# Center of mass for a cylinder with water

1. Oct 31, 2009

### LMH

Hi! :)

This is my first post here, hoping this will help me understand a few things. I'm really stuck at this problem and it is annoying me because I think I understand the theory, but just can't seem to be able to do it. So any help, hints and tips to solve this kind of problem is highly appreciated! :)

Also, don't really know if I'm supposed to post this in introductory or advanced physics, but i figured this was most probable.

1. The problem statement, all variables and given/known data

A cylinder shaped tank is filled with water, the water then goes out a hole in the bottom of the cylinder. The height and mass of the water is given by x and m and the height and mass of the cylinder is given by H and M. What x corresponds to the lowest value of the centre of mass for the cylinder with water?

2. Relevant equations

I'm guessing this equation is relevant:

R = $$\frac{1}{M}$$ $$\sum$$ miri

3. The attempt at a solution

I have thought a lot about this and figured that the centre of mass will start at the middle, when the tank is full. Then as the water pours of of the tank, it will lower.

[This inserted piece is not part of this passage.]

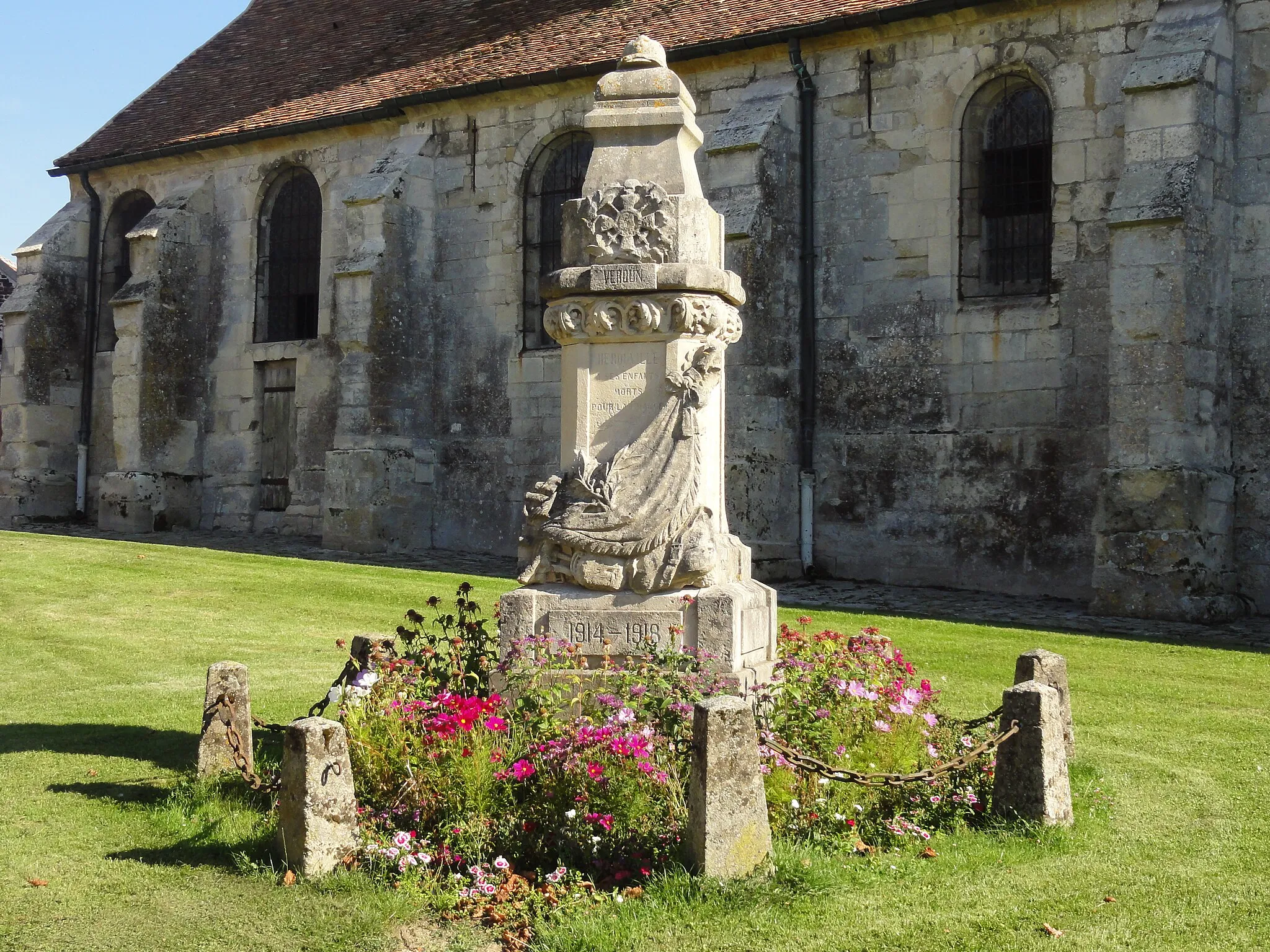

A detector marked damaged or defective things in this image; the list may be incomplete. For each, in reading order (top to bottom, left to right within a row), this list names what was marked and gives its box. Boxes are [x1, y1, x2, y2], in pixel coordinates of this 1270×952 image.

rusty chain [209, 695, 282, 797]
rusty chain [762, 721, 1021, 791]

But at some point it will start to increase again, because the mass of the cylinder will become dominant over the mass of the water. I figured the x I'm looking for might be the one where the two masses are equal, does this make sense?

Either way, I can't seem to be able to express myself mathematically, and then I'm just as far. I'm supposed to express the answer x in terms of M, H and m.

2. Oct 31, 2009

### tiny-tim

Welcome to PF!

Hi LMH ! Welcome to PF!

(are you at LMH? )
The mathematical way is to proceed step by step …

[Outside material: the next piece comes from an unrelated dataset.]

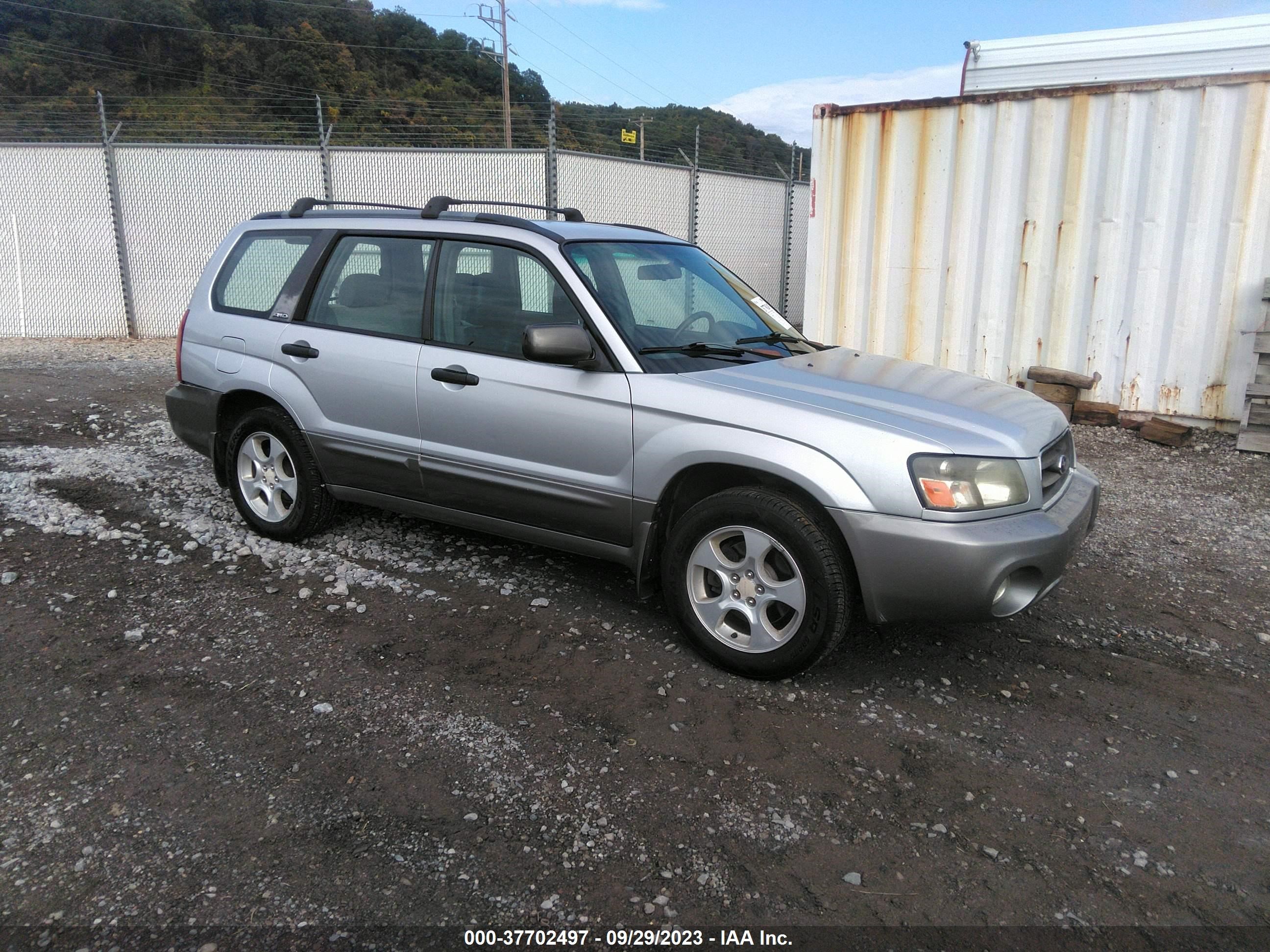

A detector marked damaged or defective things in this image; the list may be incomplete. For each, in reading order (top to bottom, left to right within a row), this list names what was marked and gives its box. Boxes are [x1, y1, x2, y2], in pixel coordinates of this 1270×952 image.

rusty shipping container [803, 71, 1270, 421]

start by saying let the height be x, then find the position of the c.o.m. of the water, then use your formula to find the overall c.o.m.

What do you get?

3. Nov 1, 2009

### LMH

No, I'm not at LMH :) Didn't even know what it was, so I had to google it :p

Anyway, thanks for replying! I have thought a bit more about this and what you said. The c.o.m of the water must always lie at the center of the water volume i suppose, that is at x/2. Following that logic, the c.o.m of the cylinder lies at H/2. I then put these two heigths in the formula and get:

R = $$\frac{1}{M+m}$$ ( m$$\ast$$$$\frac{x}{2}$$ + M $$\ast$$$$\frac{H}{2}$$ )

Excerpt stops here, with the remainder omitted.